Problem statement:
Print out the full listing, exactly.

Start of Block

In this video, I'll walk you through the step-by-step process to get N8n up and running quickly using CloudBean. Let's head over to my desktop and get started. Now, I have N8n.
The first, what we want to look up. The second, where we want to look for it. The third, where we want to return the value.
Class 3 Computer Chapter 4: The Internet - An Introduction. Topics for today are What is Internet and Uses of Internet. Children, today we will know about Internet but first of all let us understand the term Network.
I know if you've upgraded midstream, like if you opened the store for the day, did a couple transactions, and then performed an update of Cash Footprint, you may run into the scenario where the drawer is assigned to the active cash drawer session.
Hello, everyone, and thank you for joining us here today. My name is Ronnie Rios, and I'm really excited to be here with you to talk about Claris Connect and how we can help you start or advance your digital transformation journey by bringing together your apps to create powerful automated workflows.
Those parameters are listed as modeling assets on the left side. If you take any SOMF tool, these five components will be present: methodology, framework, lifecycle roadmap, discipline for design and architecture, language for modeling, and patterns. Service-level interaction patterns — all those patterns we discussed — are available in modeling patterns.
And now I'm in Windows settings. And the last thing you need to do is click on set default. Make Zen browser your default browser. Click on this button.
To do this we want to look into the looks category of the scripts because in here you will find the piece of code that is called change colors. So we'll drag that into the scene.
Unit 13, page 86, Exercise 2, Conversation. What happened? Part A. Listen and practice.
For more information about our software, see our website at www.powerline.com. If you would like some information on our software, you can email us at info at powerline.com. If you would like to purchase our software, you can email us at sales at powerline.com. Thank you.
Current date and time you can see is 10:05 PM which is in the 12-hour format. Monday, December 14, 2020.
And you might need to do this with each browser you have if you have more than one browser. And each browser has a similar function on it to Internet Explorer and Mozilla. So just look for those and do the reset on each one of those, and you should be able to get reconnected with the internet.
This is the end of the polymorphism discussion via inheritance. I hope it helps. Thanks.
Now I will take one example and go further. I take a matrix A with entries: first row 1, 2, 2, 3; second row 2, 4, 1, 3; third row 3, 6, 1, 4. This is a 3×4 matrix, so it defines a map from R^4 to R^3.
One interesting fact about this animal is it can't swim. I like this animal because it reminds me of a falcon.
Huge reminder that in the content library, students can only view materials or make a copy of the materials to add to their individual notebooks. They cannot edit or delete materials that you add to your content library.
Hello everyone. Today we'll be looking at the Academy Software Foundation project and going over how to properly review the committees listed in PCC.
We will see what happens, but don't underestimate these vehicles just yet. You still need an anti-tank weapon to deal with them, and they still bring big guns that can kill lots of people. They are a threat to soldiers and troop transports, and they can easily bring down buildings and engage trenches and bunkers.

End of Block

Problem solution:
In this video, I'll walk you through the step-by-step process to get N8n up and running quickly using CloudBean. Let's head over to my desktop and get started. Now, I have N8n.
The first, what we want to look up. The second, where we want to look for it. The third, where we want to return the value.
Class 3 Computer Chapter 4: The Internet - An Introduction. Topics for today are What is Internet and Uses of Internet. Children, today we will know about Internet but first of all let us understand the term Network.
I know if you've upgraded midstream, like if you opened the store for the day, did a couple transactions, and then performed an update of Cash Footprint, you may run into the scenario where the drawer is assigned to the active cash drawer session.
Hello, everyone, and thank you for joining us here today. My name is Ronnie Rios, and I'm really excited to be here with you to talk about Claris Connect and how we can help you start or advance your digital transformation journey by bringing together your apps to create powerful automated workflows.
Those parameters are listed as modeling assets on the left side. If you take any SOMF tool, these five components will be present: methodology, framework, lifecycle roadmap, discipline for design and architecture, language for modeling, and patterns. Service-level interaction patterns — all those patterns we discussed — are available in modeling patterns.
And now I'm in Windows settings. And the last thing you need to do is click on set default. Make Zen browser your default browser. Click on this button.
To do this we want to look into the looks category of the scripts because in here you will find the piece of code that is called change colors. So we'll drag that into the scene.
Unit 13, page 86, Exercise 2, Conversation. What happened? Part A. Listen and practice.
For more information about our software, see our website at www.powerline.com. If you would like some information on our software, you can email us at info at powerline.com. If you would like to purchase our software, you can email us at sales at powerline.com. Thank you.
Current date and time you can see is 10:05 PM which is in the 12-hour format. Monday, December 14, 2020.
And you might need to do this with each browser you have if you have more than one browser. And each browser has a similar function on it to Internet Explorer and Mozilla. So just look for those and do the reset on each one of those, and you should be able to get reconnected with the internet.
This is the end of the polymorphism discussion via inheritance. I hope it helps. Thanks.
Now I will take one example and go further. I take a matrix A with entries: first row 1, 2, 2, 3; second row 2, 4, 1, 3; third row 3, 6, 1, 4. This is a 3×4 matrix, so it defines a map from R^4 to R^3.
One interesting fact about this animal is it can't swim. I like this animal because it reminds me of a falcon.
Huge reminder that in the content library, students can only view materials or make a copy of the materials to add to their individual notebooks. They cannot edit or delete materials that you add to your content library.
Hello everyone. Today we'll be looking at the Academy Software Foundation project and going over how to properly review the committees listed in PCC.
We will see what happens, but don't underestimate these vehicles just yet. You still need an anti-tank weapon to deal with them, and they still bring big guns that can kill lots of people. They are a threat to soldiers and troop transports, and they can easily bring down buildings and engage trenches and bunkers.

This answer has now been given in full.